Indemnity reinsurance may also involve basis risk for the purchaser if they choose to build in specific limits on what is covered by the policies - which may mean the cover is not a perfect match for their losses, even while it will minimise potential disputes. "The more basis risk, the less risk of disputes," Madigan says.

Schraft predicts that in the short term, the most growth in parametric cover will come from the corporate and government market. But over the long term, he sees greater potential in developing countries. Here, parametric insurance helps reinsurers access the market when countries lack the infrastructure to distribute and support their products.

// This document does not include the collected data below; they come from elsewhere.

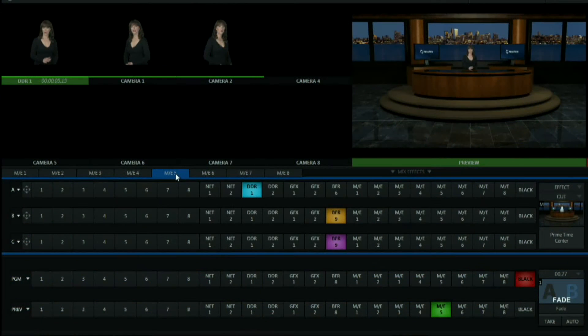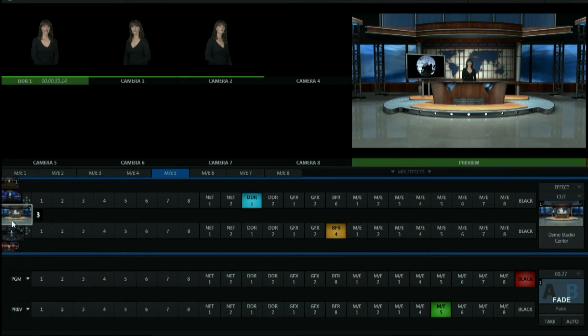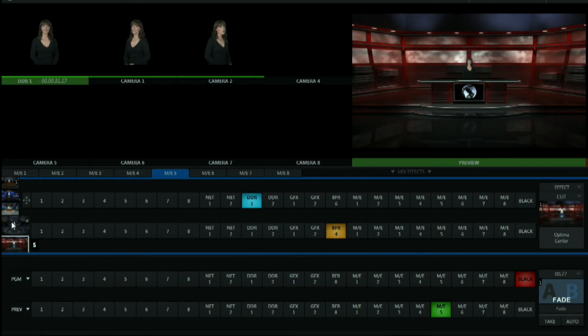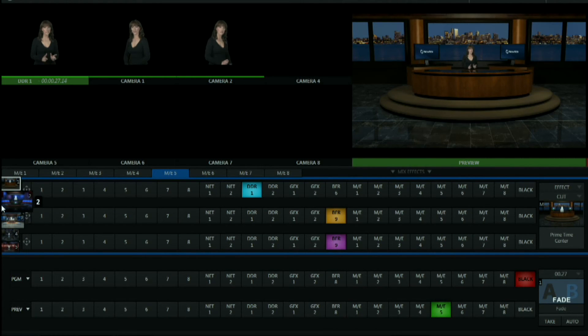Here's a cool tip: in each of your effects channels there are presets which allow you to multiply the number of virtual sets that can be loaded at the same time. So instead of having eight sets, you can have up to 40 virtual sets ready to be used at any time using the TriCaster.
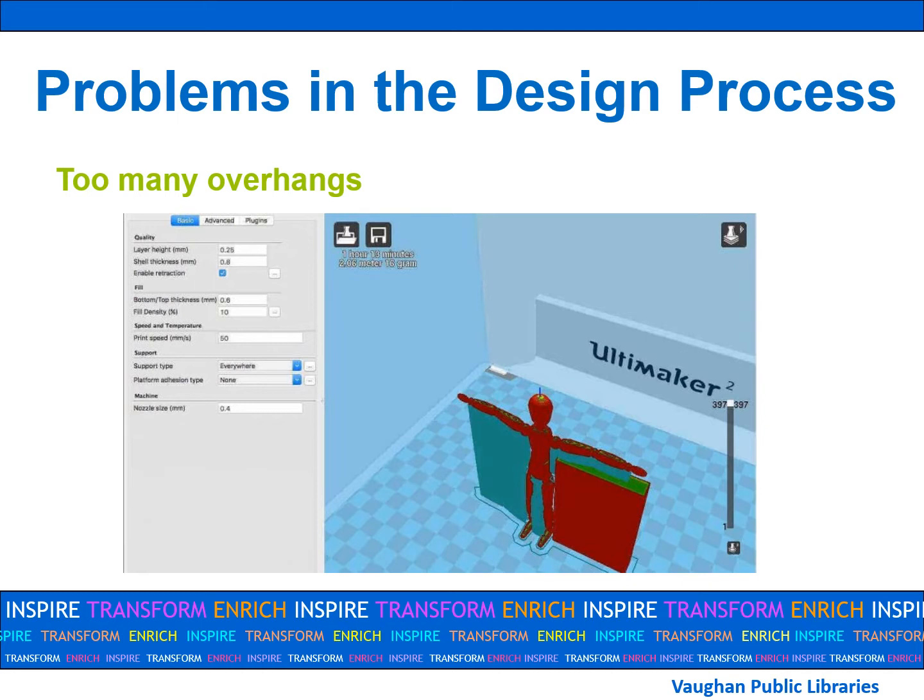You may have come across the problem of having too many overhangs. Supports often mean an imperfect finish, as we learned in the last lesson. Try to reduce the amount of overhang angles that require support, as this will improve the overall finish and quality of your object. This may mean splitting your object into multiple pieces or altering the design to have fewer overhang angles in total.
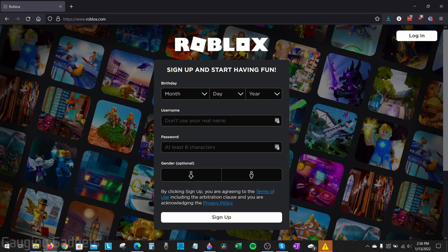If you forgot your password and you're trying to recover your account, check the description because I have a tutorial that shows you how to do that as well.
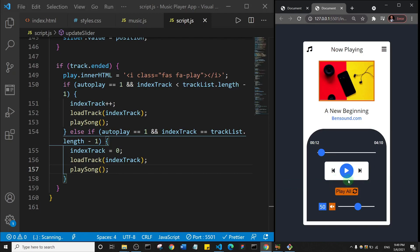That's how you incorporate autoplay and update the slider at the same time. In the next video, we're going to see how we can update this timer display so that when the song is playing, the timer will be counting. Thank you so much for watching, I'll see you in the next one.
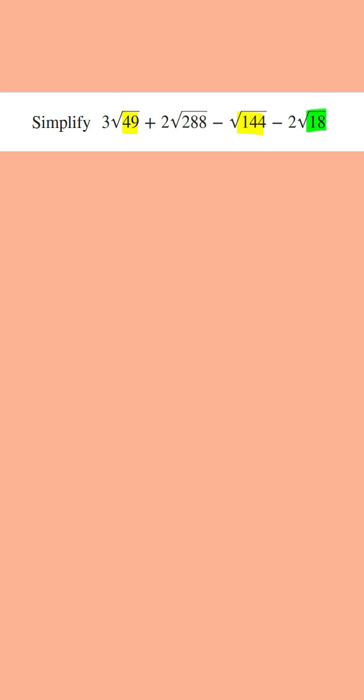This number is easy. We know this is 9 times 2 where 9 is the perfect square factor. It's just going to be this one that's going to cause the problems.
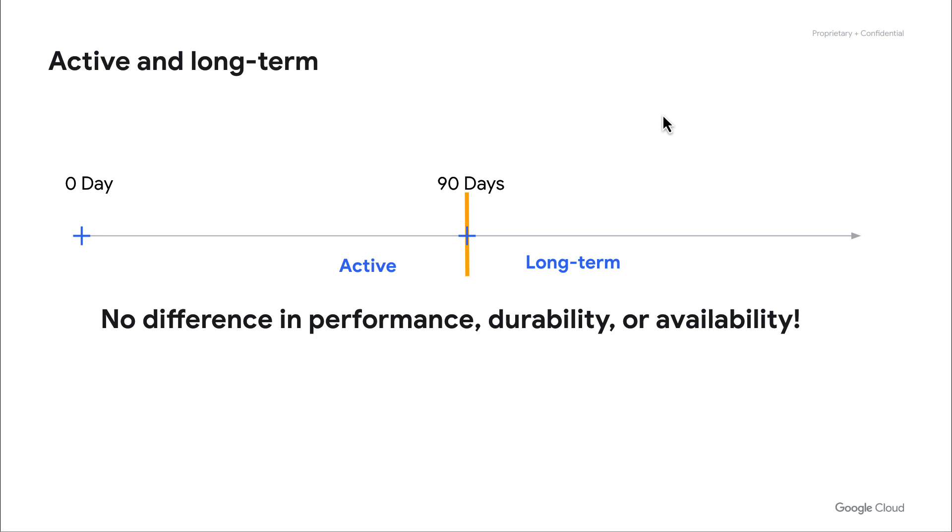Note that if you change the table, let's say you have to add additional data once it's in long-term, it will automatically flip back to active and there's no additional maintenance you need to perform as a developer.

And Schraft says that while the cat bond market will remain the biggest source of parametric cover in the short term it will eventually be overtaken by traditional providers. "It's a new way to provide cover to get to clients we couldn't reach previously, to insure risks we couldn't insure otherwise."

New horizons
The parametric market is currently testing out new perils including business interruption (BI), contingent BI and energy contracts. Munich Re's proposed $10bn SOS facility for offshore energy clients - which it drew up after the Deepwater Horizon/Macondo oil spill last year - would use a parametric trigger based on how many direct compensation claims had been made against the insured.

Meanwhile, Cooper Gay's Latin America CEO Steve Jackson recently cited the potential to develop parametric drought insurance based on vegetation indices as one of the ideas at the "cutting edge" of such contracts.

Industry loss aggregator ISO has also recently released a new casualty index, which has been licensed by broker Jardine Lloyd Thompson. ISO says the data can be used as a benchmark to provide accident year stop-loss and adverse loss development covers.

However, Flatscher says cat bond investors have not yet proved to be of much assistance to (re)insurers in taking on casualty risk. "If they want to accept casualty risk with a longer time horizon, the risk could be transferred," he says.

The only previous casualty cat bond issuance, the 2005 Avalon Re deal for Oil Casualty Insurance (OCIL), was an indemnity deal covering third-party liability claims. The $405mn transaction finally paid out $13mn of losses on its delayed maturity in 2010, two years after its planned expiry.